Dataset =
__________

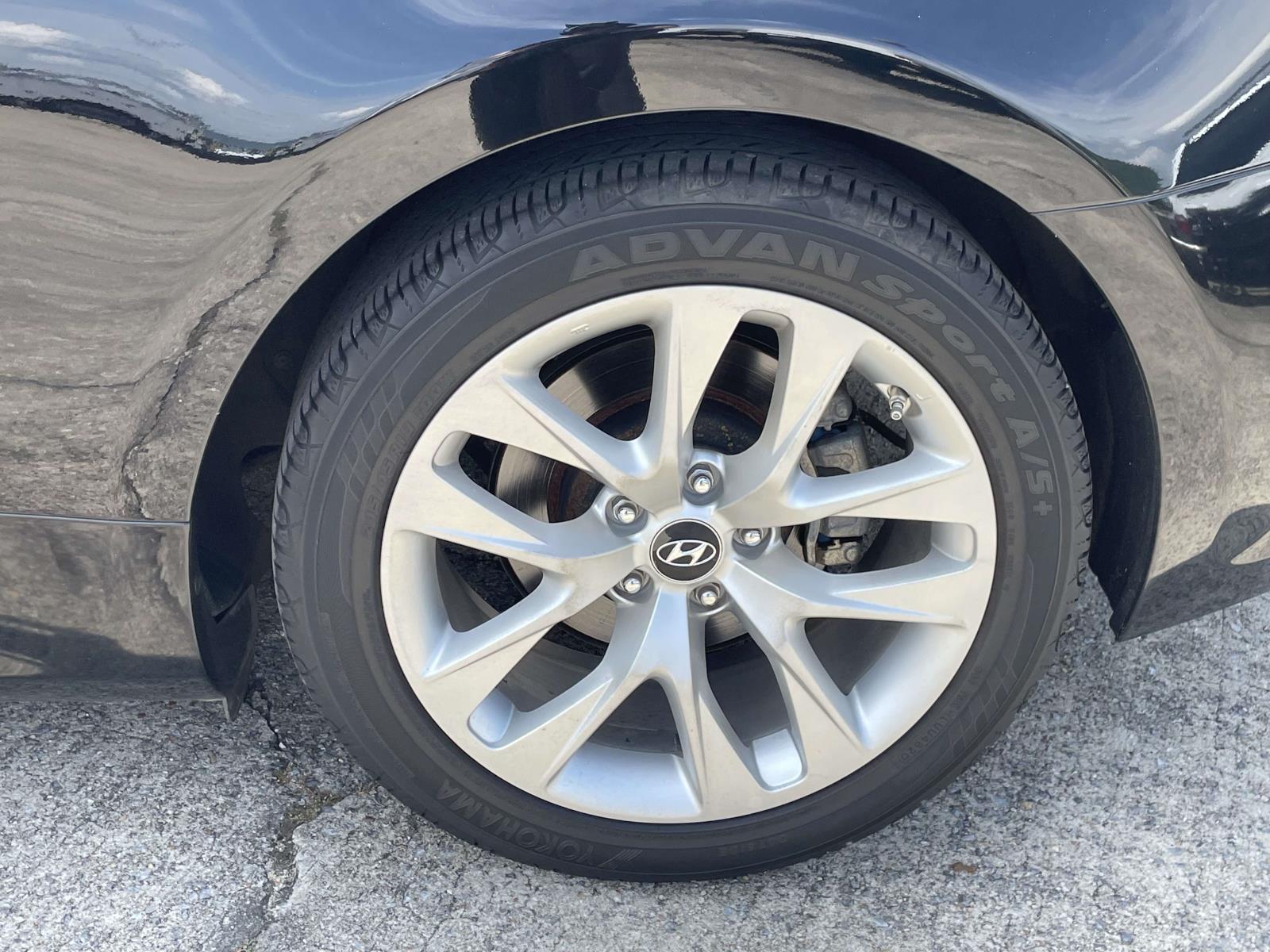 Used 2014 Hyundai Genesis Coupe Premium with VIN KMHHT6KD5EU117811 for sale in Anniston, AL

__________

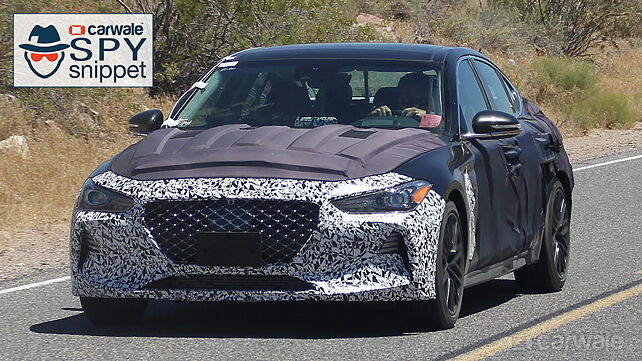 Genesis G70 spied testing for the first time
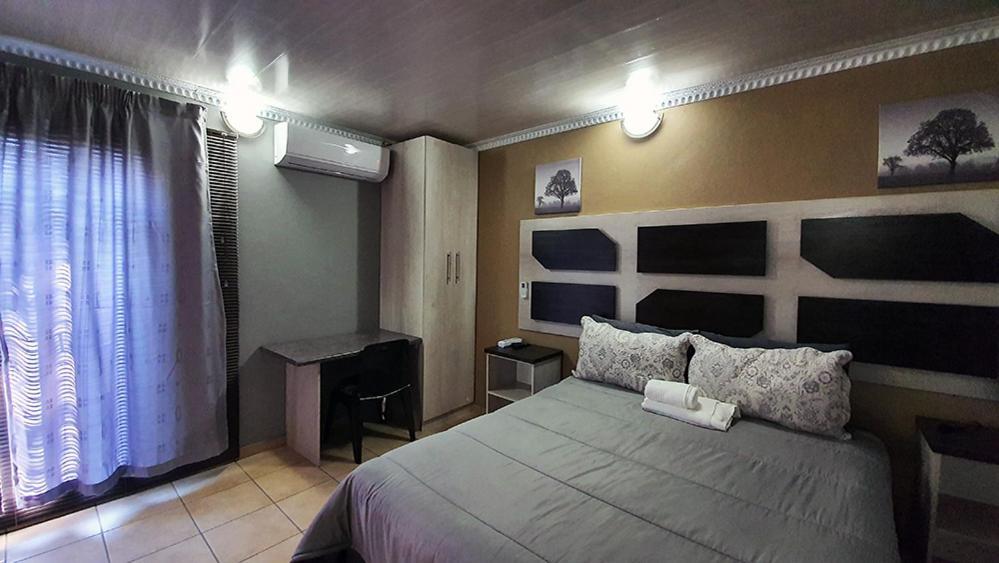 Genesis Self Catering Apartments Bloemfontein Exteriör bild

__________

About this exercise =
Your reply is to be an exact repeat of the listing above from the line holding "Genesis G70 spied testing for the first time" down to the line holding "Genesis Self Catering", ends included, pictures excluded.

Task solution =
 Genesis G70 spied testing for the first time
 Genesis Self Catering Apartments Bloemfontein Exteriör bild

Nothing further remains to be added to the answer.